■ Work task ■
Please output the line containing "Bahman Tajdini's Photo" and all lines that follow it in the data below, exactly, with no pictures.

■ Dataset excerpt ■
———

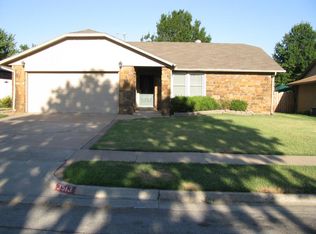3513 S 149th Ave E, Tulsa, OK 74134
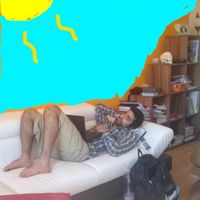 Bahman Tajdini's Photo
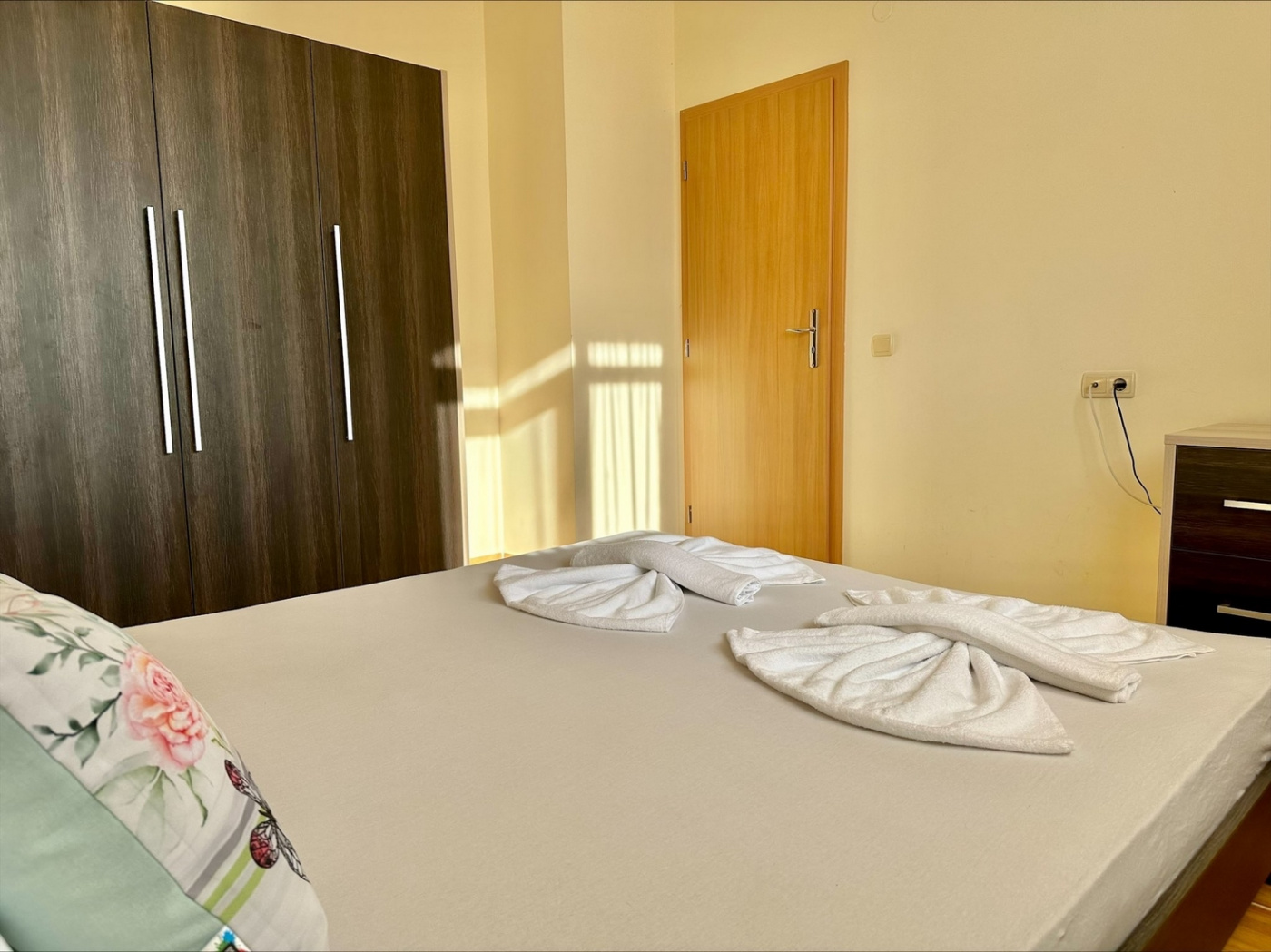 Sky Dreams apartament J 18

———

■ Answer space ■
 Bahman Tajdini's Photo
 Sky Dreams apartament J 18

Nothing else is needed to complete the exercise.